MATERIALS PROVIDED:

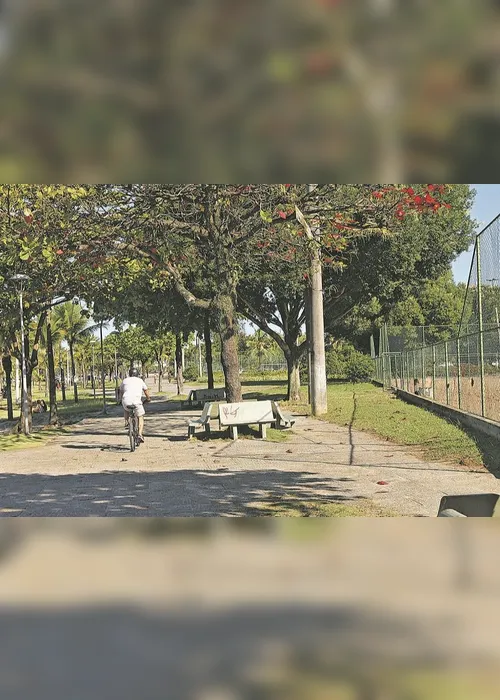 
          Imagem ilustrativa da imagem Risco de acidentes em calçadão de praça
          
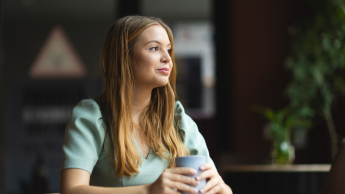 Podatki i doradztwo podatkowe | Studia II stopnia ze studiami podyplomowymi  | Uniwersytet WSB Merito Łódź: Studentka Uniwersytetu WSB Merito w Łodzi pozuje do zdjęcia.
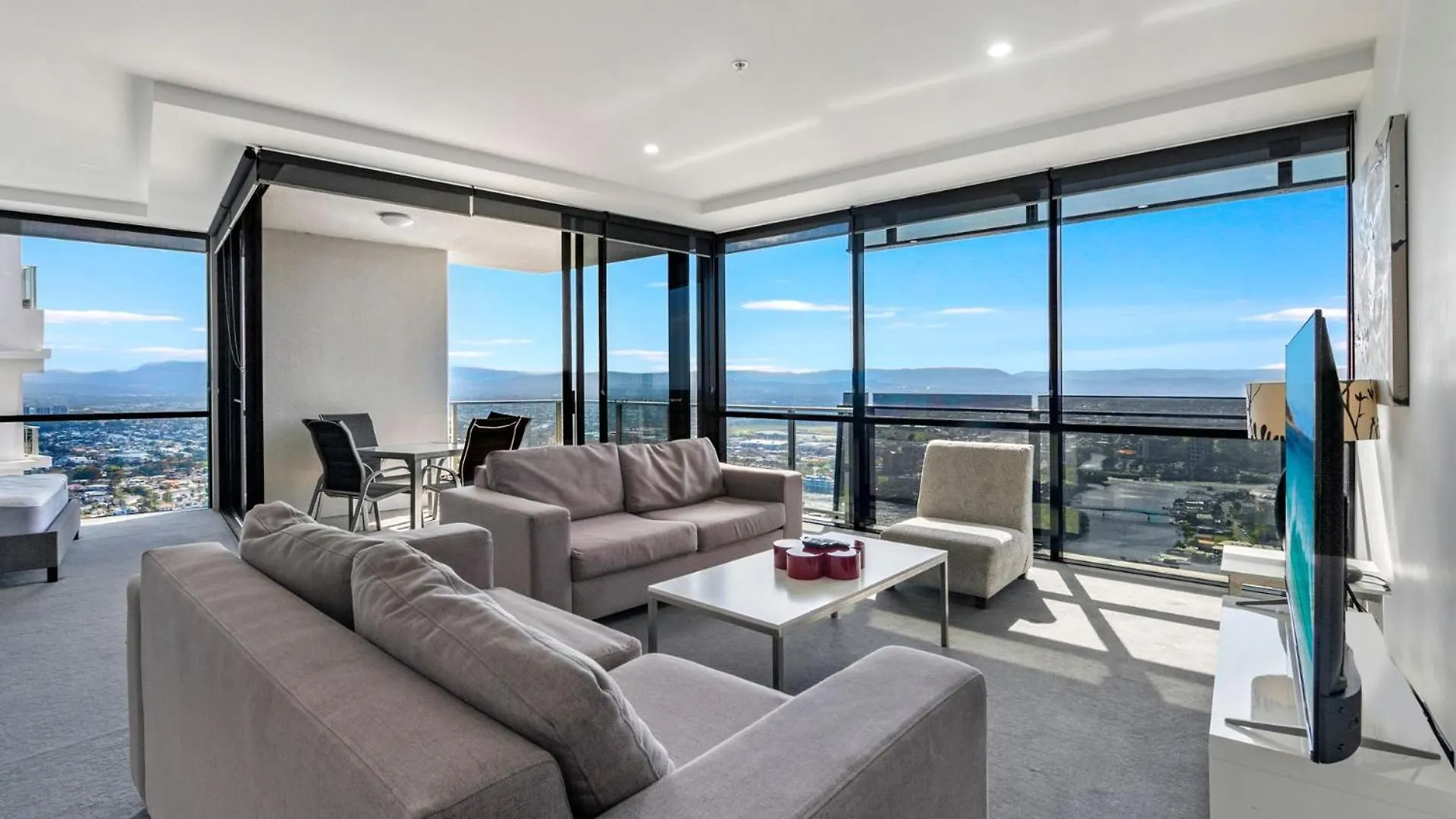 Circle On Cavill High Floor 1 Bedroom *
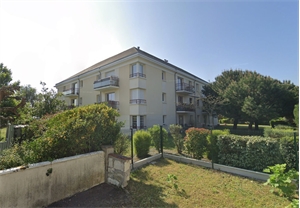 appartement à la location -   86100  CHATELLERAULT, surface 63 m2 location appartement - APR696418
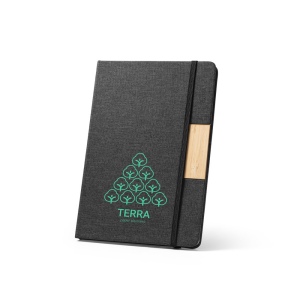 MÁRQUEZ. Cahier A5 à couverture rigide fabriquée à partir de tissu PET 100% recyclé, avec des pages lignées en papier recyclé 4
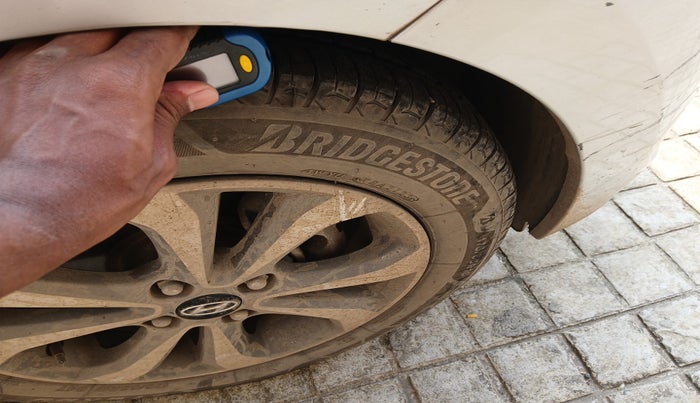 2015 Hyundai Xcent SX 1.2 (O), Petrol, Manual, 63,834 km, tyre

BRIEF:
Print exactly the lines running from the start of the entries above to the line with "Circle On Cavill High Floor 1 Bedroom *", both included; leave out any pictures.

WRITTEN REPLY:
          Imagem ilustrativa da imagem Risco de acidentes em calçadão de praça
          
 Podatki i doradztwo podatkowe | Studia II stopnia ze studiami podyplomowymi  | Uniwersytet WSB Merito Łódź: Studentka Uniwersytetu WSB Merito w Łodzi pozuje do zdjęcia.
 Circle On Cavill High Floor 1 Bedroom *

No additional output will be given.